2013 In this essay, I propose a design research agenda that braids equity research and technology research in education. More specifically, I propose that researchers join educators, youth, families, and community partners in tackling a central challenge for education research today: figuring out how and when low-cost and commonplace technologies, in combination with face-to-face talk and paper, can support necessary communications between the range of supporters who share students, schools, a district and a diverse community. I call such work improving the communication infrastructure of public education. This Essay discusses this research agenda as forged in the OneVille Project, a participatory design research effort engaging people of all ages in exploring the potential of low cost and commonplace technologies (cell phones, computers, free software) for connecting people in youth support efforts in the diverse community of Somerville, MA. In the OneVille Project, educators, parents, young people, and research partners together designed and tested new communication infrastructure, including new data displays for communicating ready/reliable information about young people to educators, students and families, online portfolios for sparking robust communication about the whole student, student-teacher text messaging for affording rapid/routine communication about students' well-being, and multilingual phone and face-to-face parent networks for enabling far-reaching communications across language and technology barriers.
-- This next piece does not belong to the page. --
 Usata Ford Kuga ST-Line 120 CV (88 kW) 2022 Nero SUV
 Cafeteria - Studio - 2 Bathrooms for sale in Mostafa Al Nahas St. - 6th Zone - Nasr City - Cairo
Purpose/Objective/Research Question/Focus of Study: In education, much research suggests that to support young people's talent development, students and the diverse people who share education communities need to communicate information regularly with student support in mind, and to build relationships supporting this communication. But often a support network goes underutilized-like a city at night, with half of the bulbs gone dark. Who in a diverse community needs to communicate what to whom in order to support young people? What barriers prevent such communication? Which channels and habits of communication might enable these necessary communications? Encouraging others to ask such questions in their local school systems is the purpose of this essay.